In South Africa we saw the power of white capital play itself brazenly around the Nhlanhla Nene sacking saga. Within three days the ANC was forced by white capital to fire Van Rooyen and hire Pravin Gordhan as Minister of Finance. The whole narrative turned into Gordhan the saviour and Van Rooyen the candidate of the Guptas who in turn tried to capture the State. The power of the ruling class naturalised and legitimised their actions. What had happened in this process is that white capital has done exactly what it accuses the Guptas of doing. In this respect, because it controls the narrative, white capital was not seen as “State Capture” but as “State Rescue”. Truth is that the eight capitalists who met the ANC leadership on the 13th December last year are open to criminal charges for undermining the constitution through bullying and possible corruption because of their direct interest in the economy managed by Gordhan. As we know only the President is allowed to hire and fire ministers.

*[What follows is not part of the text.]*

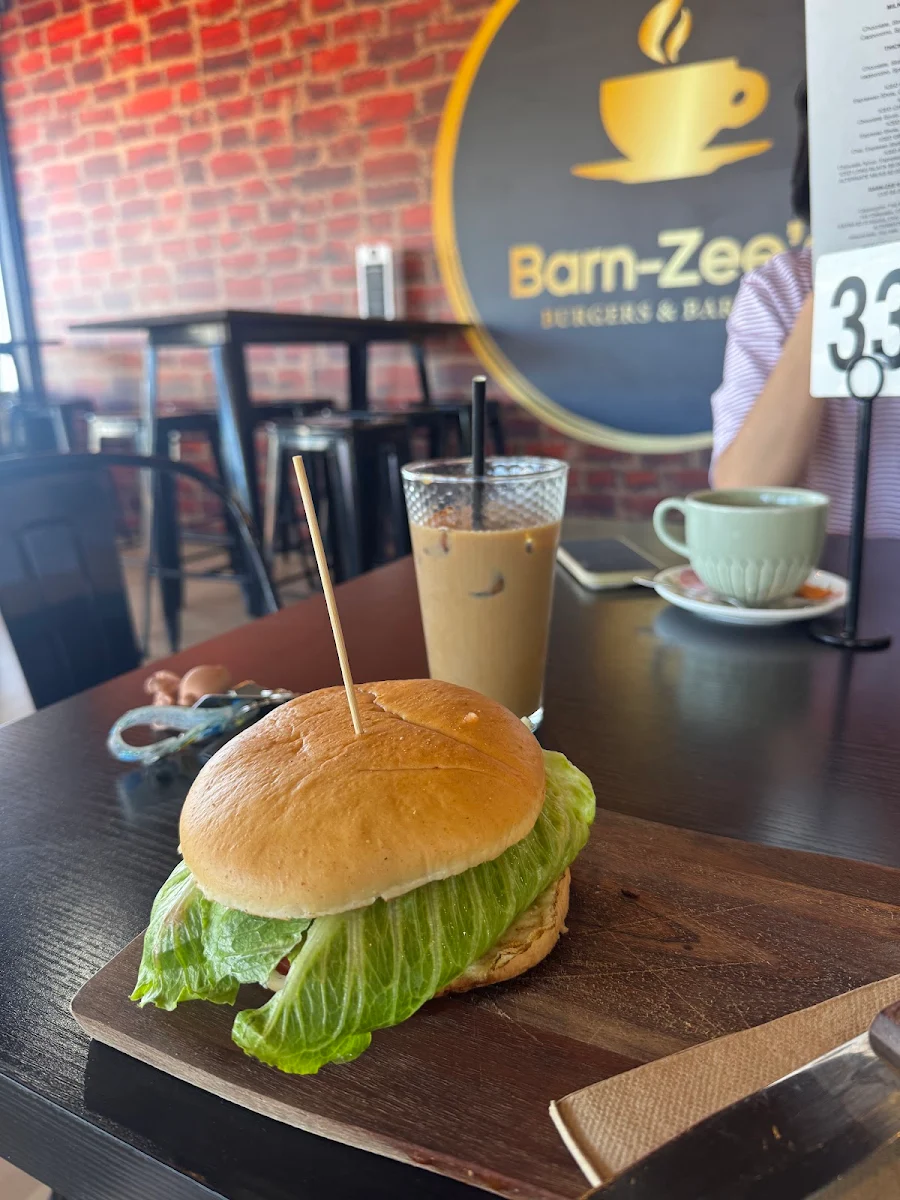Food & drink photo 4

There is today in South Africa a battle over the economy between white capital and the Gupta family. The term “State Capture” was first used by global publications associated with white capital to project the Guptas as an unwelcome factor in the politics and economy of South Africa. This seems to be a fight back after President Zuma has been increasingly “looking East for a family feast” type of approach. In what we call a “parallel power praxis”, Zuma seems to have abandoned the State and its structures which are pro white capital and doing his own thing with the Guptas and other components of BRICS. This must have angered white capital to a point of them directly getting involved in instigating either the “Guptas must go” campaign or as we have seen increasing calls, and recently from Johan Rupert, for the President to step down. Those who have captured the State are crying about State capture. What we have here is a fight over defending the white domination of the South African economy.
It is instructive to see the power of the Rupert family. In his book, The Other Side of History: An anecdotal reflection on political transition in South Africa, Frederik Van Zyl Slabbert lets us know that President Mandela consulted the Ruperts “about major decisions”. Slabbert tells us: “In July 1998 he asked Rupert and Marinus Daling, chairman of Sanlam for their views on the proposed appointment of Tito Mboweni… as head of the Reserve Bank”. Slabbert further says that Rupert reacted negatively saying it would cause the rand to fall by some 30%. It would appear that Johann Rupert is “pissed off” because the site of power is no longer Stellenbosch but allegedly Saxonworld.
“State Capture” is a tool in the economic war. The coming ANC elective conference has added a complicating dynamic. Those who lost out in Polokwane and in Mangaung are going for broke and have identified the Guptas as a lucrative well from where to mine both political and possible financial rewards. An anti-Gupta posture immediately provides favourable media coverage with oodles of amnesia of any past transgressions. The Deputy Minister Mcebisi Jonas under normal circumstances would have his name preceded with accusations of corruption.